All Of Us or None, a California a California-based grassroots organization fighting for the rights of formerly and currently incarcerated people, has sent demand letters to ten California county registrar’s offices –including Butte, Contra Costa, Kings, Los Angeles, San Diego, Santa Clara, Solano, Tulare, Ventura and Orange — asking them to reinstate the voter registrations of thousands of people with conviction histories that AOUON believes were unlawfully purged from electoral rolls. According to AOUON, there are at least 3,000 such eligible voters removed in 2017 in Los Angeles County alone.

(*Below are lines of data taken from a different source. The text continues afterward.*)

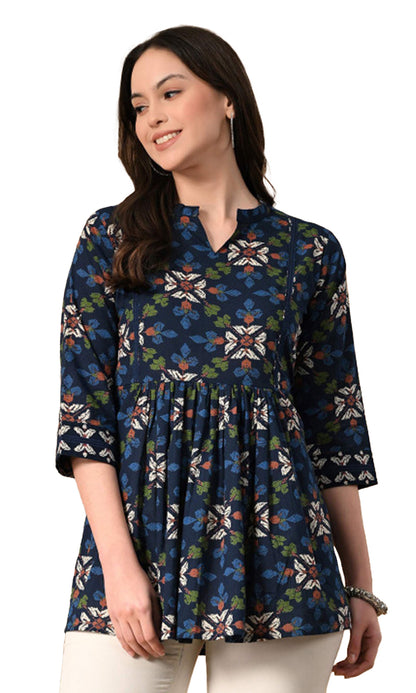 Women’s Cotton Printed A-Line Peplum Tunic Top
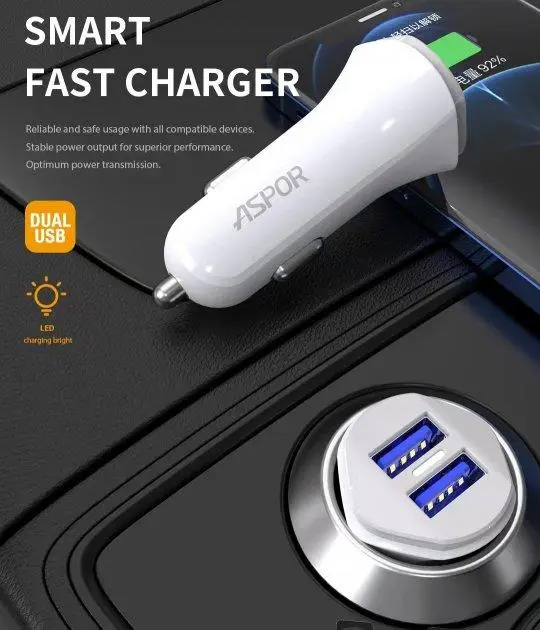 Aspor A903 Dual USB Car Charger with LED Indicator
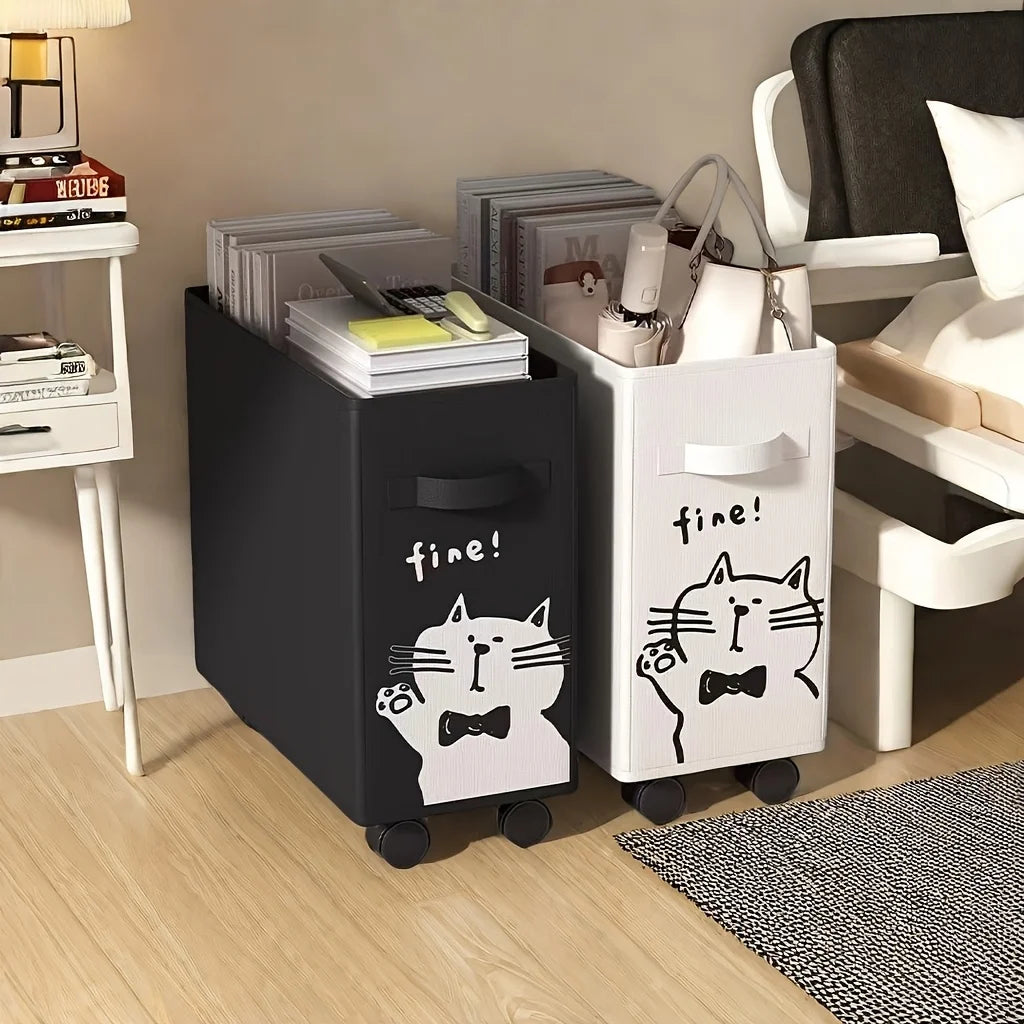 Under Desk Rolling Cart | Oxford Cloth Storage Baskets & Wheels Rolling Storage Cart Babs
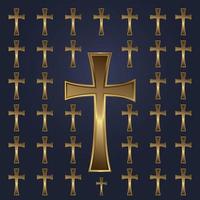 Set of holy cross symbol with gold color, Premium holy cross icon, symbol for protection of soul and spirit vector template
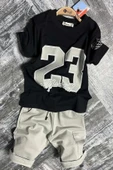 Erkek Çocuk Üzeri Sayı Baskılı Penye T-Shirt Kargo Cepli Şortlu Takım - 7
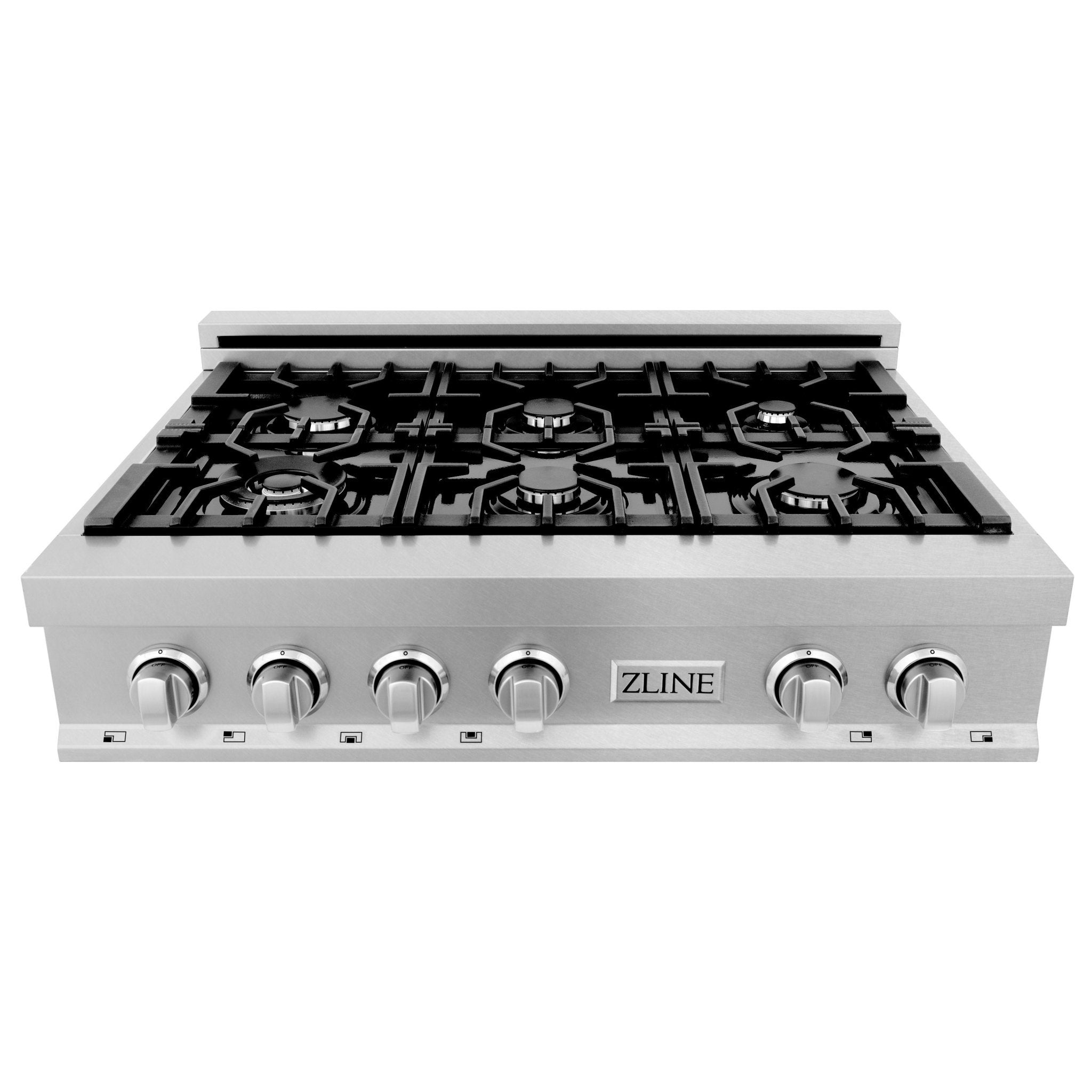 ZLINE 36" Porcelain Rangetop in DuraSnow® Stainless Steel with 6 Gas Burners (RTS-36) - Rustic Kitchen & Bath - ZLINE Kitchen and Bath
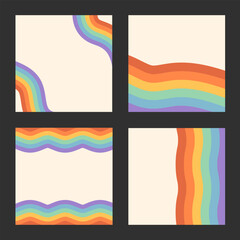 Vector set of retro backgrounds with rainbow colored stripes and copy space. Abstract groovy banners for LGBT pride month. Flyer template, social media post. Collection of cards for the pride month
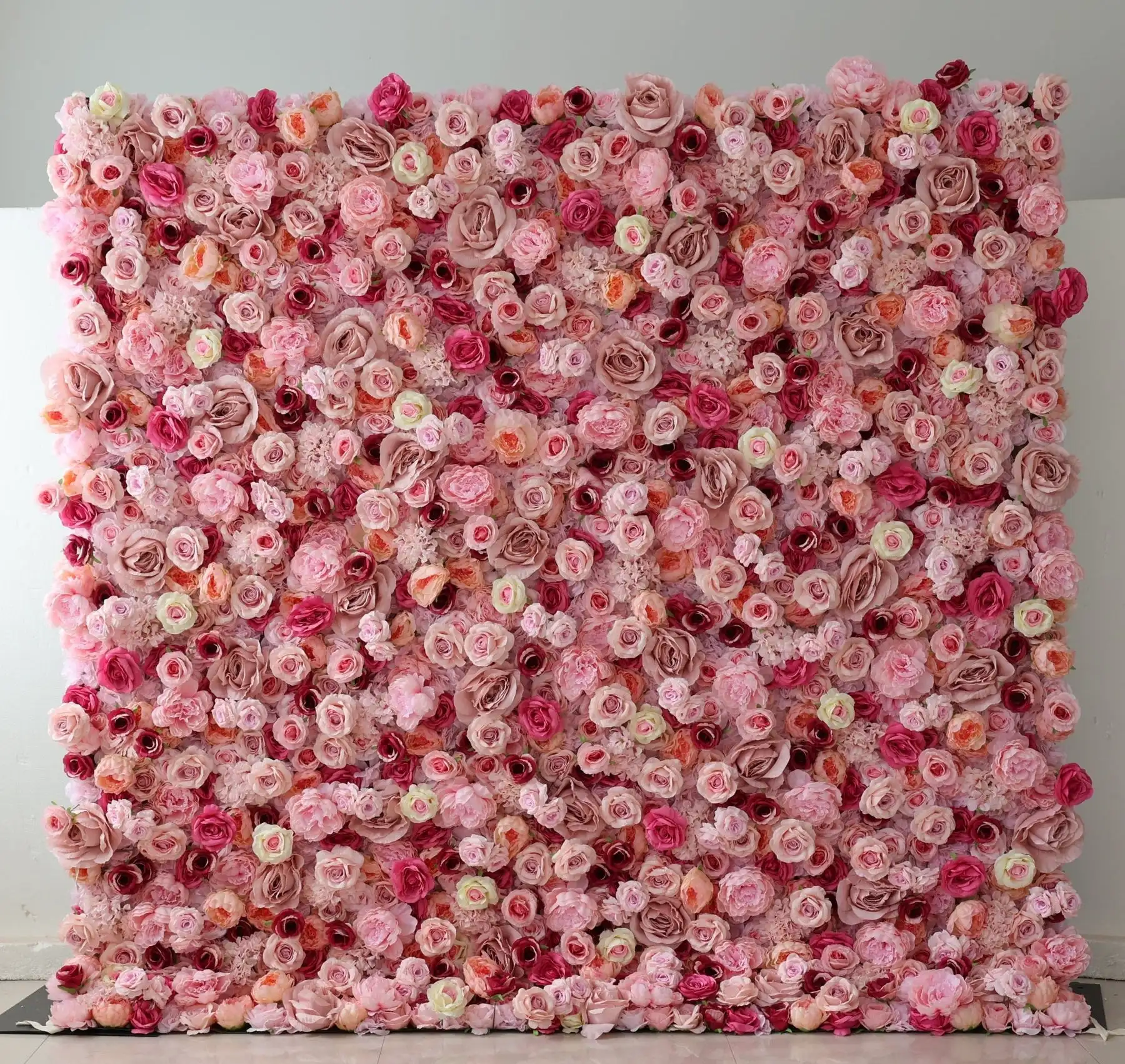 

Mixed Flower Series 3D Pink Rose peony Hydrangea Fabric Faux floral Wall Roll Curtain Fabric Birthday party wedding decoration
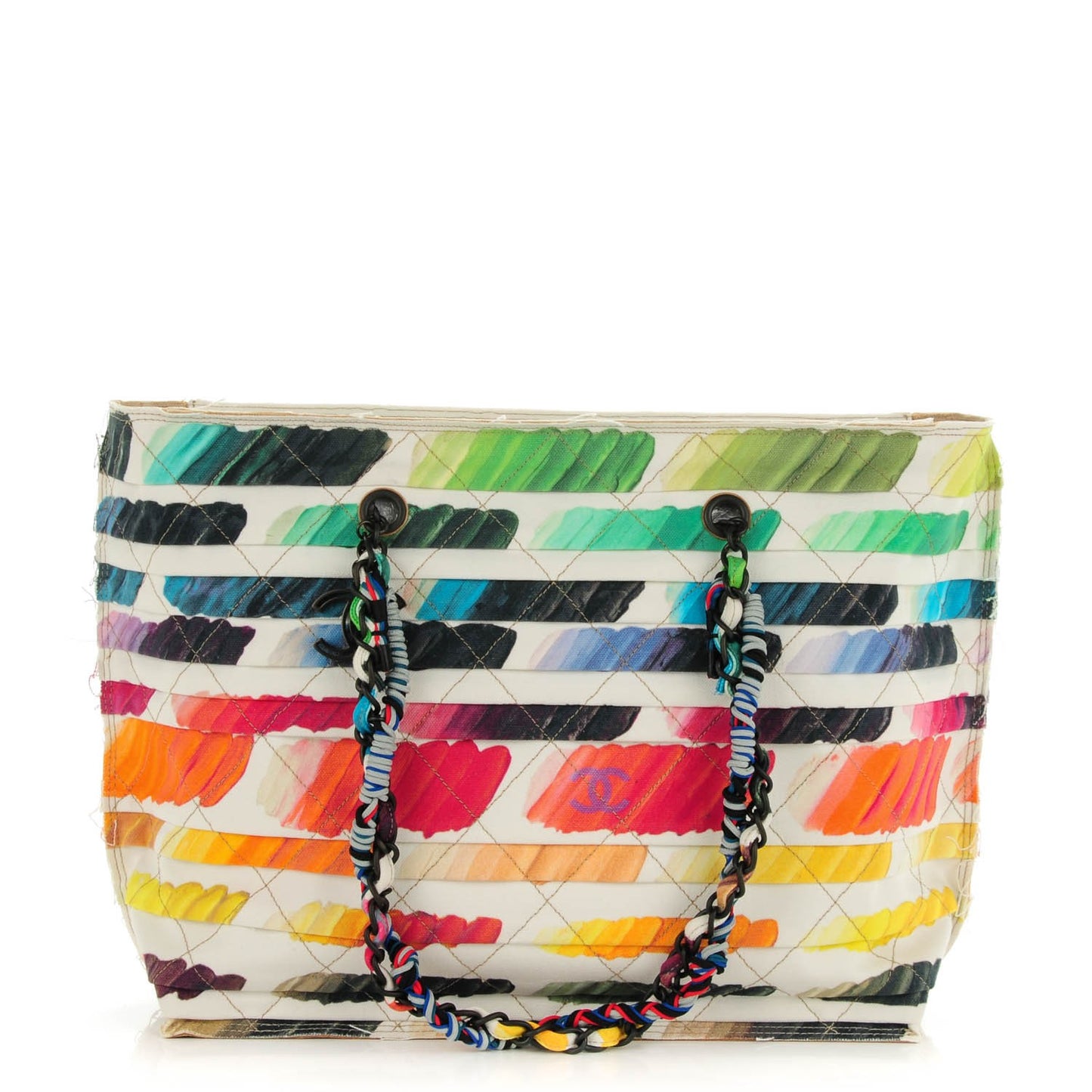 Canvas Colorama Large Zip Shopping Tote Multicolor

In 2011, a major California criminal justice reform — commonly known as “Realignment” — changed the law to require that people with non-serious, non-violent, or non-sexual felonies be sentenced to county jail or probation, instead of state prison. Since the California Constitution disenfranchises only those who are “imprisoned or on parole for the conviction of a felony,” the voting eligibility of those serving felony sentences in county jail under Realignment was unclear for several years. Following a successful legal battle brought by AOUON and other community allies against the Secretary of State, the State Legislature ultimately passed AB 2466 to clarify that Californians who are convicted of county Realignment felonies retain their right to vote. As of January 1, 2017, state elections law requires local courts to provide to the county registrar a monthly list of people “committed to state prison.” The registrar is then required to cancel the registrations of people currently in prison or on parole. According to AOUON, county clerks appear to still be purging voters sentenced to county jail or probation on felonies.
The last day to register to vote in this June’s California primary election is May 21. For people who are currently in county jail, the deadline to request mail-in ballots is May 29.